◆ Work item ◆
Copying rule for the data below: take the line containing "Vista nocturna estrellada" and every line after it to the end, exactly, and drop all pictures.

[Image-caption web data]
____________

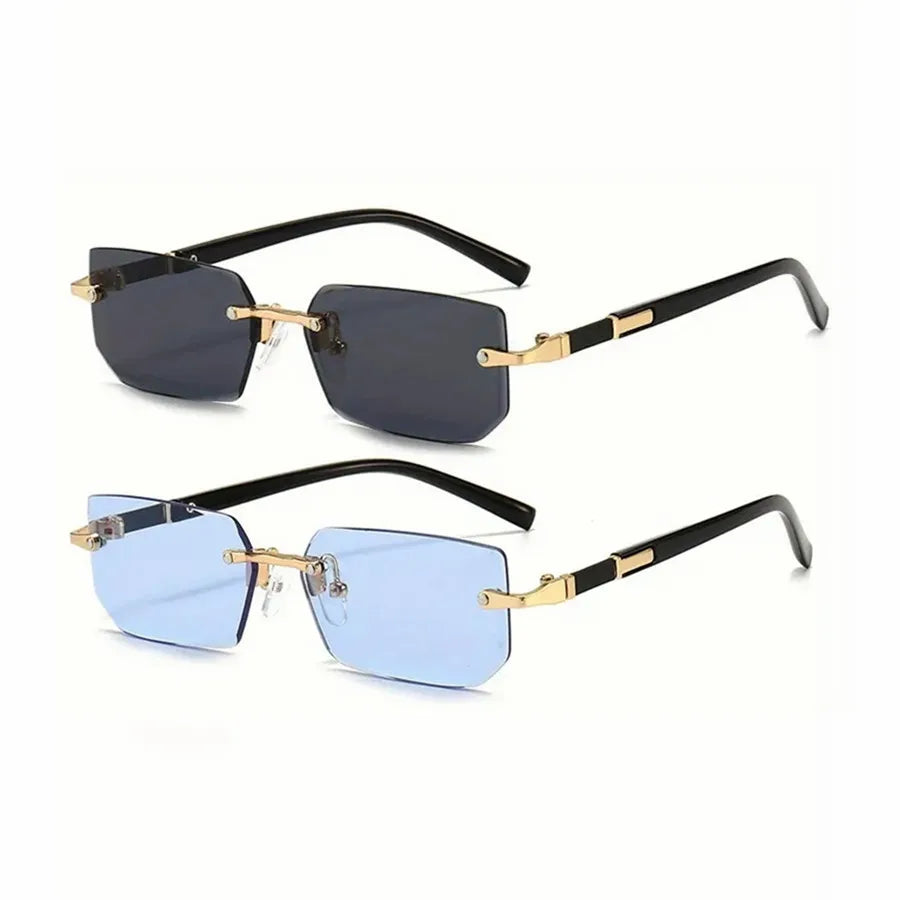 Rimless Rectangle Sunglasses – Fashion Small Square Shades for Men & Women, Summer Travel Eyewear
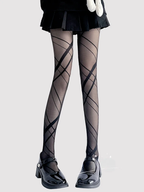 Asymmetrical Striped White Stockings Women's Thin Long Pantyhose Subculture Hot Girl Black Lolita Accessories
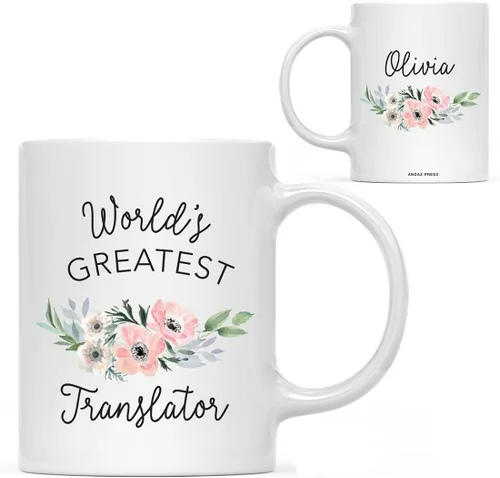 Vista 54 de Andaz Press Taza de café personalizada de 11 onzas, taza ejecutiva de relaciones públicas más grande del mundo, flor de anémona rosa, 1 paquete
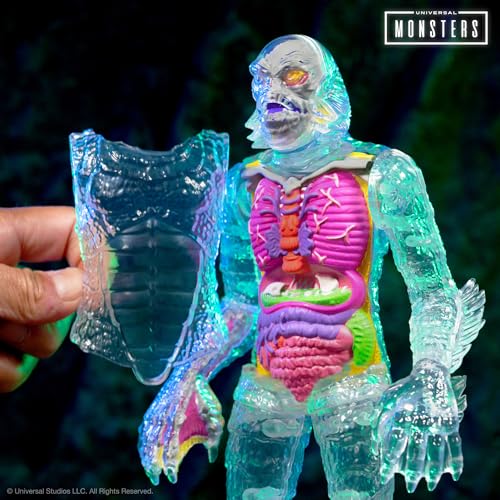 Image of Super7 Super Cyborg Universal Monsters Creature from The Black Lagoon (Clear) - 11 inch Universal Monster Movies Action Figure Classic Movie Collectibles
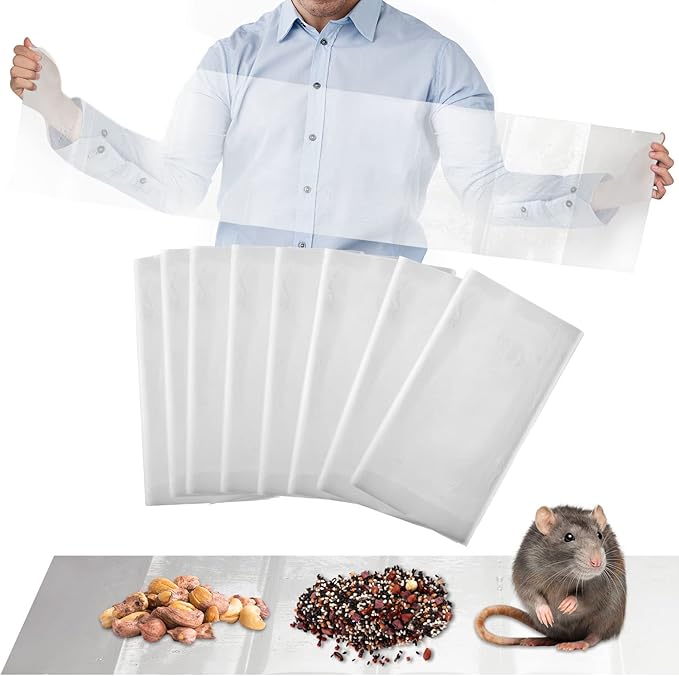 Qualirey 8 Pcs 47 Inch Ultra Large Sticky Mouse Glue Traps Sticky Rat Trap that Work for Rats Roaches Rodents Heavy Duty Pre Baited Mats Indoor Outdoor Catch Pest (Clear)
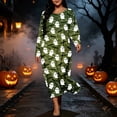 thumbnail image 5 of SELONE Nightgowns Long Sleeve for Women Plus Size Crew Neck Maxi Sleep Shirt Ghost Bats Nighties Halloween Dress, 5 of 8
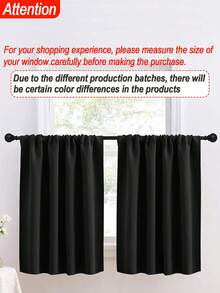 1pc Solid Color Blackout Short Curtain Suitable For RV, Bunk Beds And Small Windows - 100% Polyester Modern Curtain, Suitable For Living Room, Cafe, Kitchen Decoration - Multicolor - View 4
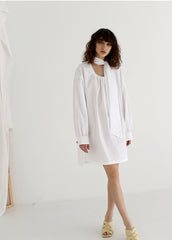 Linen Mini Dress With Contrast Stitching, Oversized Buttons And Flutter Sleeves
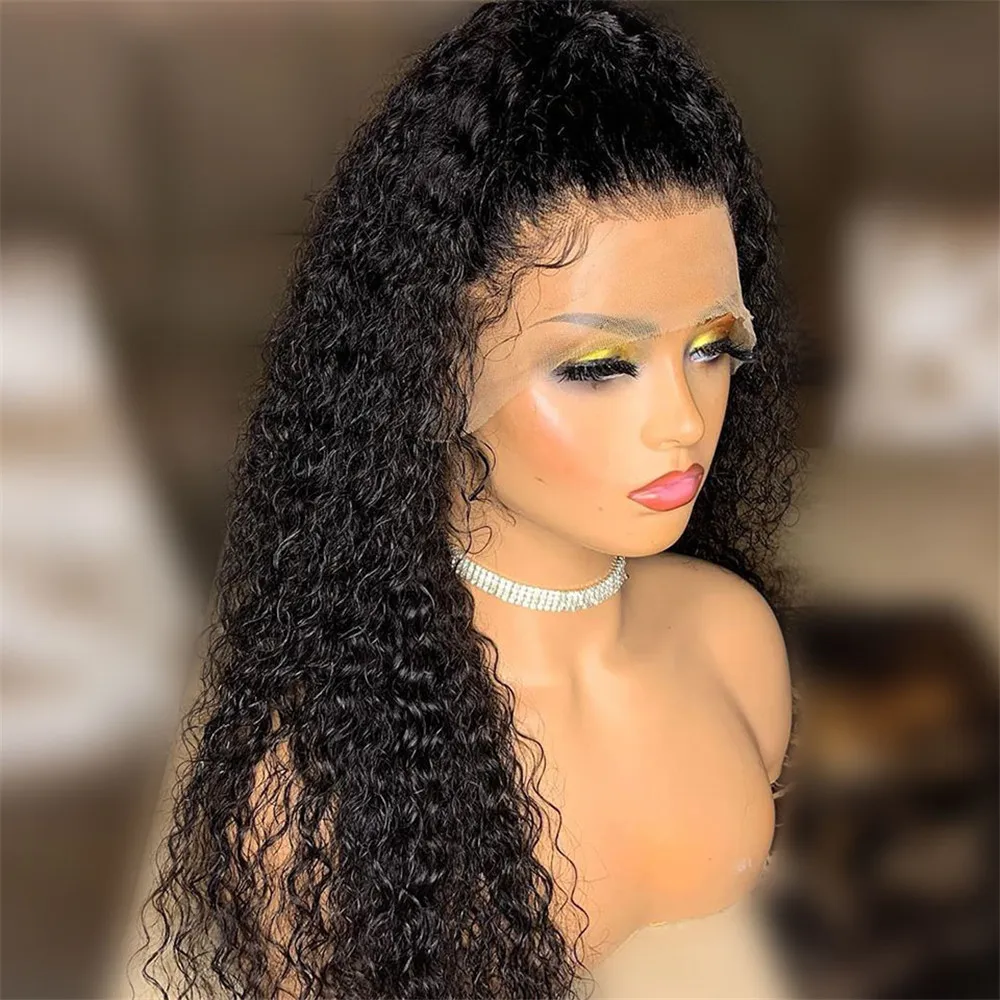 26Inch Soft Natural Black Long 180Density Kinky Curly Lace Front Wig For Women BabyHair Heat Resistant Preplucked Daily Glueless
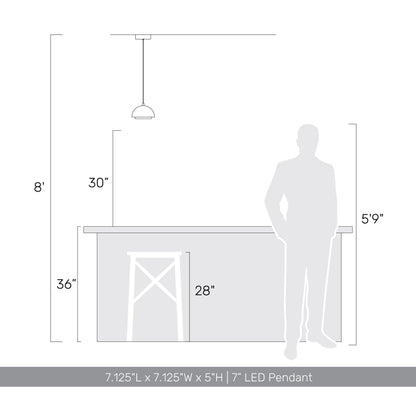 Solsken Integrated LED 7in Pendant in Sand Black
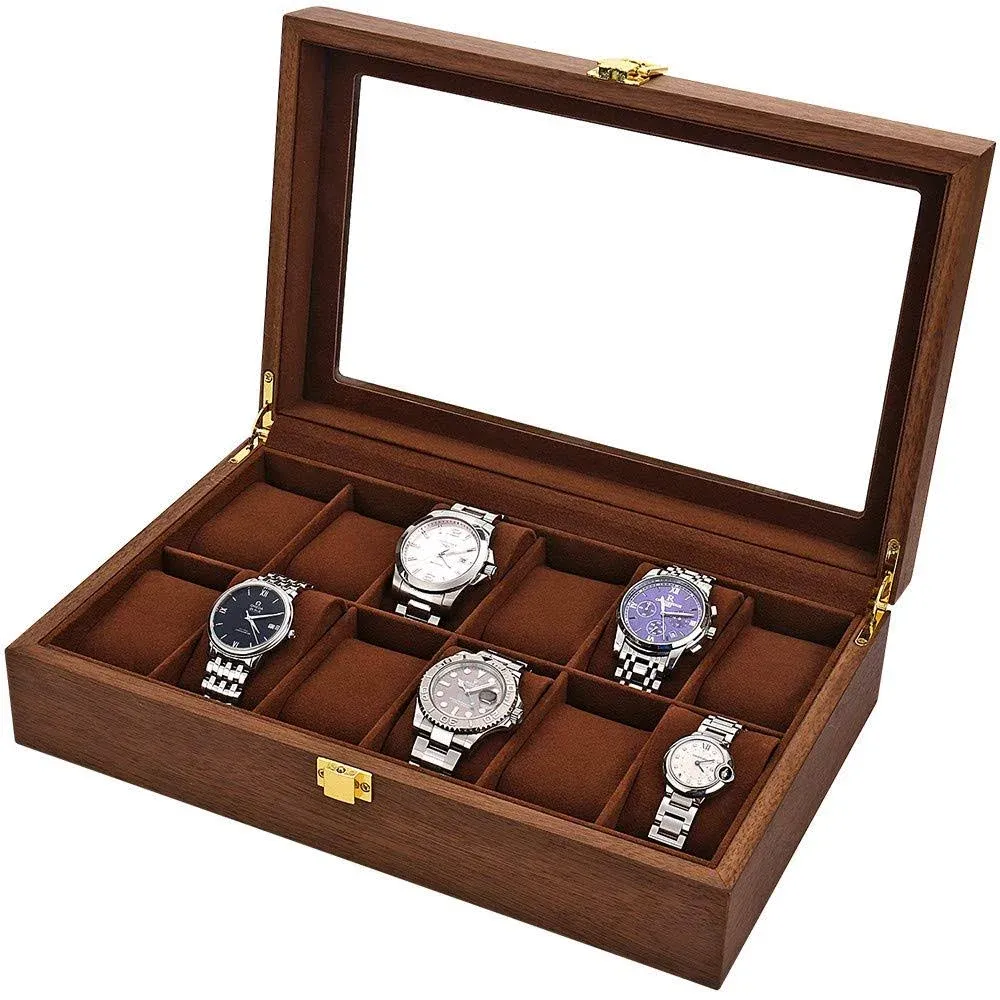 LOSKORIN Watch Box, Executive 12 Slots Case with Valet, Glass 12-Slot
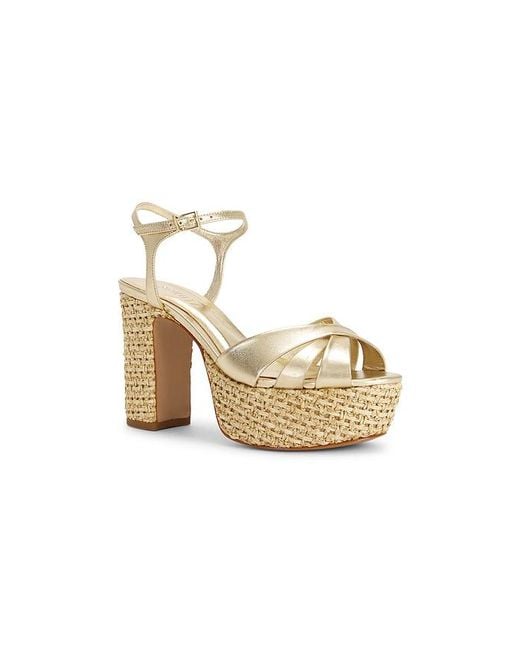 SCHUTZ SHOES White Keefa Raffia Sandal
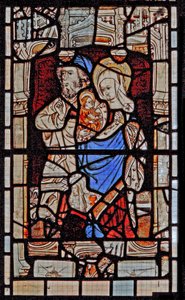 Window Ew depicting St Mary Salome, Zebedee with the Infant St John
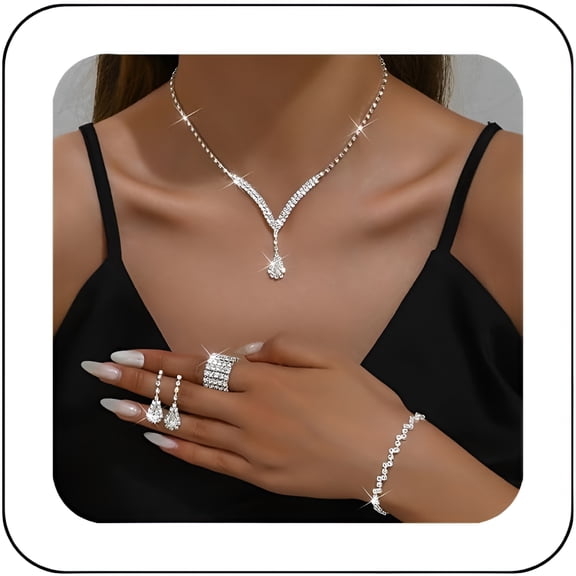 DESIGNICE Bridal Wedding Jewelry Set Silver Rhinestone Necklace Earrings Sets Formal Jewelry for Women and Brides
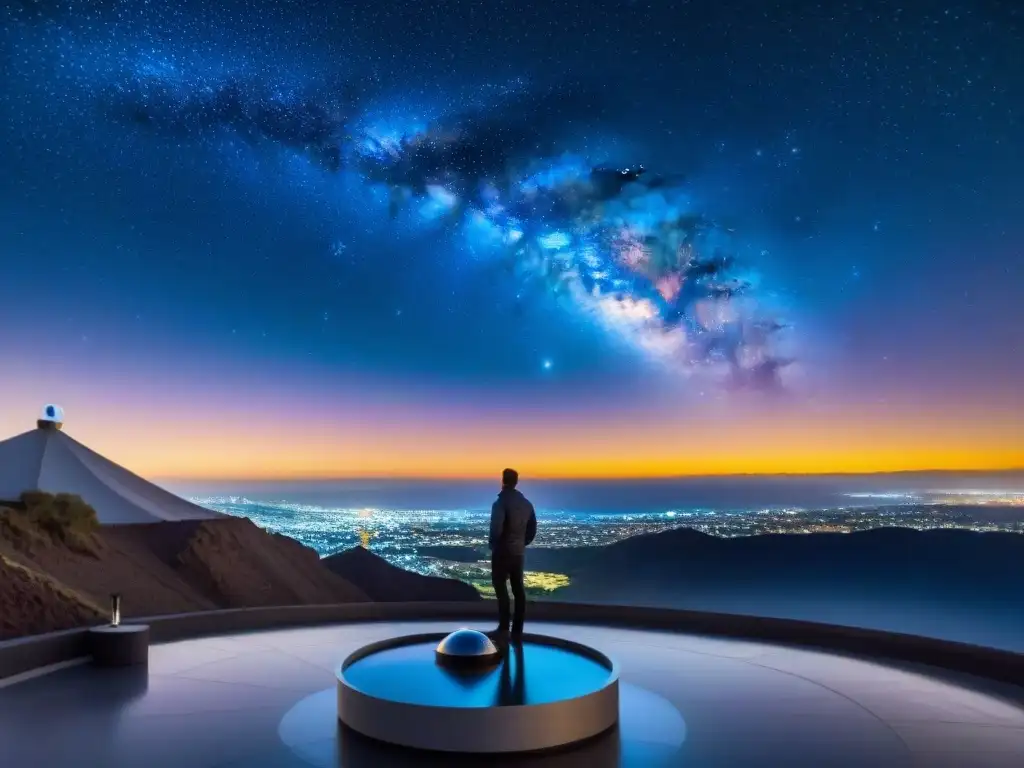 Vista nocturna estrellada desde observatorio en El Museo de Ciencia y el Cosmos en Tenerife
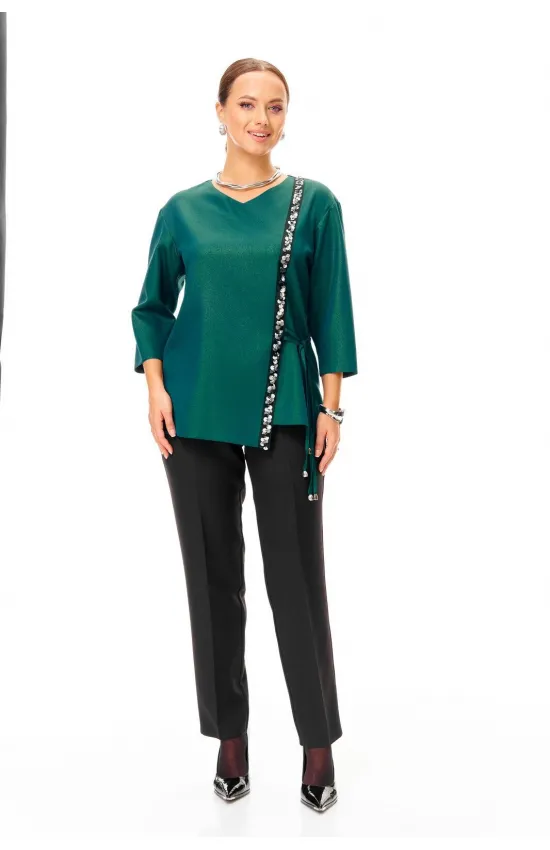 Костюм T&N 7707 изумруд блеск и черный.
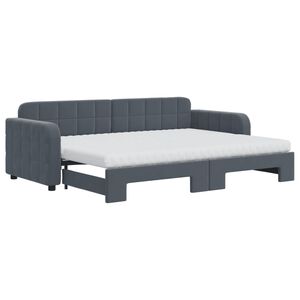 vidaXL Tagesbett Ausziehbar mit Matratzen Dunkelgrau 80x200 cm Samt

____________

◆ Your response ◆
 Vista nocturna estrellada desde observatorio en El Museo de Ciencia y el Cosmos en Tenerife
 Костюм T&N 7707 изумруд блеск и черный.
 vidaXL Tagesbett Ausziehbar mit Matratzen Dunkelgrau 80x200 cm Samt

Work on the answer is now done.